** Opening Excerpted records block **

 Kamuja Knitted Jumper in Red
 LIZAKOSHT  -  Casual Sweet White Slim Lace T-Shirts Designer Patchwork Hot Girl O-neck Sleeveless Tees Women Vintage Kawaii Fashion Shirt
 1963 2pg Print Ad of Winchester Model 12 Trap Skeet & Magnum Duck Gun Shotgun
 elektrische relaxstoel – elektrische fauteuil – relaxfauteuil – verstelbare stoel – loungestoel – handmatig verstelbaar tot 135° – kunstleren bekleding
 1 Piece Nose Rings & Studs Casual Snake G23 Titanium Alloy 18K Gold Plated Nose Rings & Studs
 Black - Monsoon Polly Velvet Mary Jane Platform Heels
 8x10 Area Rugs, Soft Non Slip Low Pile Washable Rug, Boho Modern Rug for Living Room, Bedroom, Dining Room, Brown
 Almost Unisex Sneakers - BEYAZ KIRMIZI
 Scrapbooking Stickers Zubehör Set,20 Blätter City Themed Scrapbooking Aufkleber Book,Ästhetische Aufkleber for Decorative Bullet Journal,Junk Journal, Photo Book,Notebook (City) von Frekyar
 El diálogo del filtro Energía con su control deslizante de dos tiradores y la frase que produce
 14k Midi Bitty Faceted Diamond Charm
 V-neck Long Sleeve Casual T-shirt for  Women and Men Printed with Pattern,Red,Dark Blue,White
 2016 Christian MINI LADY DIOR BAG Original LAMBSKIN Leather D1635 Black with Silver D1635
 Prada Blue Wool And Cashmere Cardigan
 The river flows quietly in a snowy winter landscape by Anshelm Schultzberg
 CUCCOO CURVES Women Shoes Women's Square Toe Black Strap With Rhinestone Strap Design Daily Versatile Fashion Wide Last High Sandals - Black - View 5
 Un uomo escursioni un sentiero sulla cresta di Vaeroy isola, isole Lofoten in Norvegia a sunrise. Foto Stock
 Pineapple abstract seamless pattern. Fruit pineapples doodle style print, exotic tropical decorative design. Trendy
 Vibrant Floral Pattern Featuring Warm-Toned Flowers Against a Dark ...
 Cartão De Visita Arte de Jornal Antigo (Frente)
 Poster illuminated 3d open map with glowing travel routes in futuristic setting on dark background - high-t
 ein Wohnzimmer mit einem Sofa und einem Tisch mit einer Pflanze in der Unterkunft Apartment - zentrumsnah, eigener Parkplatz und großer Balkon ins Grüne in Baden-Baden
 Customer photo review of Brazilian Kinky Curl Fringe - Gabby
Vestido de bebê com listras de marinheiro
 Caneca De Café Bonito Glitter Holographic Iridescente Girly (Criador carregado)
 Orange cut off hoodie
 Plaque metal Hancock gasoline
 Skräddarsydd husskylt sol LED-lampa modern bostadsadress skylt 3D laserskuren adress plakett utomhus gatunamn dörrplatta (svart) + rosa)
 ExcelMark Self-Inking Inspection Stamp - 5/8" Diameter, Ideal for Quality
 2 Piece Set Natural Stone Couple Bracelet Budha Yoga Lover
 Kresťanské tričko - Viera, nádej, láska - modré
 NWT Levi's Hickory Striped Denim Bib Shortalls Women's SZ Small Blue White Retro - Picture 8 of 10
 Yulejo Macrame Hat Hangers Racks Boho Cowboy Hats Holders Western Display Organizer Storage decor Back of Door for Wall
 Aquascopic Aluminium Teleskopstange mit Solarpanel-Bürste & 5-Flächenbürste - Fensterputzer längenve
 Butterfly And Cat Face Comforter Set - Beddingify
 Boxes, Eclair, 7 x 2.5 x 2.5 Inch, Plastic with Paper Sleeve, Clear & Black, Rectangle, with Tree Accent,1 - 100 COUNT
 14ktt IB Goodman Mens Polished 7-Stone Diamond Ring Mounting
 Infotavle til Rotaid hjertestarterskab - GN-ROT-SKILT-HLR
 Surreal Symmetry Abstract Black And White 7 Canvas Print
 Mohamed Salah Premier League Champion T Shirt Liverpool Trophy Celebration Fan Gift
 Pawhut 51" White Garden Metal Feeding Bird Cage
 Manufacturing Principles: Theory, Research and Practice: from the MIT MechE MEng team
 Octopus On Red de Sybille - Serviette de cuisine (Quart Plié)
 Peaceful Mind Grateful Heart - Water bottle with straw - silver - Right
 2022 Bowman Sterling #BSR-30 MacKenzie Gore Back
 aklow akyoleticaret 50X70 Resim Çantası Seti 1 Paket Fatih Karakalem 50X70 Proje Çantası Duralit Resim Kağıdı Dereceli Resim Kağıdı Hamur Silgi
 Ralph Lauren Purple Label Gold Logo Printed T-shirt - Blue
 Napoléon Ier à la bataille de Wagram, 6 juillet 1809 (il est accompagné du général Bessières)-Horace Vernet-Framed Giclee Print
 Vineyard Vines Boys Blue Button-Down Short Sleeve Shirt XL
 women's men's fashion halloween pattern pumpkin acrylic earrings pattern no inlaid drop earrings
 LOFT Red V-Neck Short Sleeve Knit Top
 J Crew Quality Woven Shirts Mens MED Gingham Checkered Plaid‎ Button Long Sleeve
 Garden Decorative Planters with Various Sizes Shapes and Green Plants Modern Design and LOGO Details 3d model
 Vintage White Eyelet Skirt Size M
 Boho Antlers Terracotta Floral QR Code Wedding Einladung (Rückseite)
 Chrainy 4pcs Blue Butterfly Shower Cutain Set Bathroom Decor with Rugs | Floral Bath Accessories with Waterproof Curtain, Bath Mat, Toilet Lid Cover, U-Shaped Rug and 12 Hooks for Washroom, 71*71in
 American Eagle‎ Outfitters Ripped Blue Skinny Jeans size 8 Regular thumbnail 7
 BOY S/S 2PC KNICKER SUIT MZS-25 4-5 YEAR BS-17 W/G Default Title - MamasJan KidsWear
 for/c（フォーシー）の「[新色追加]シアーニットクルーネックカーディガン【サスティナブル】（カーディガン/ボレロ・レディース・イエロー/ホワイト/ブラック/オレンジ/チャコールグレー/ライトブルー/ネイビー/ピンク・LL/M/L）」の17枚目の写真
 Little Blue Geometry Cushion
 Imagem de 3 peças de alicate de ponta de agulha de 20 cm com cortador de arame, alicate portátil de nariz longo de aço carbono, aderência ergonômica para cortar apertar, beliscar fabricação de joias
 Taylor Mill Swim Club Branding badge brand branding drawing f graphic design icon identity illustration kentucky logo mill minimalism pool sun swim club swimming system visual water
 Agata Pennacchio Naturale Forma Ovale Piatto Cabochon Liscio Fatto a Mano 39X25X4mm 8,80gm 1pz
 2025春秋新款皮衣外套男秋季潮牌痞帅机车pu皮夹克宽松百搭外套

** Closing Excerpted records block **

> _Task prompt_
All that belongs in the answer is an exact copy of the lines from the start of the records above through the line with "elektrische relaxstoel –".

> _Finished exercise_
 Kamuja Knitted Jumper in Red
 LIZAKOSHT  -  Casual Sweet White Slim Lace T-Shirts Designer Patchwork Hot Girl O-neck Sleeveless Tees Women Vintage Kawaii Fashion Shirt
 1963 2pg Print Ad of Winchester Model 12 Trap Skeet & Magnum Duck Gun Shotgun
 elektrische relaxstoel – elektrische fauteuil – relaxfauteuil – verstelbare stoel – loungestoel – handmatig verstelbaar tot 135° – kunstleren bekleding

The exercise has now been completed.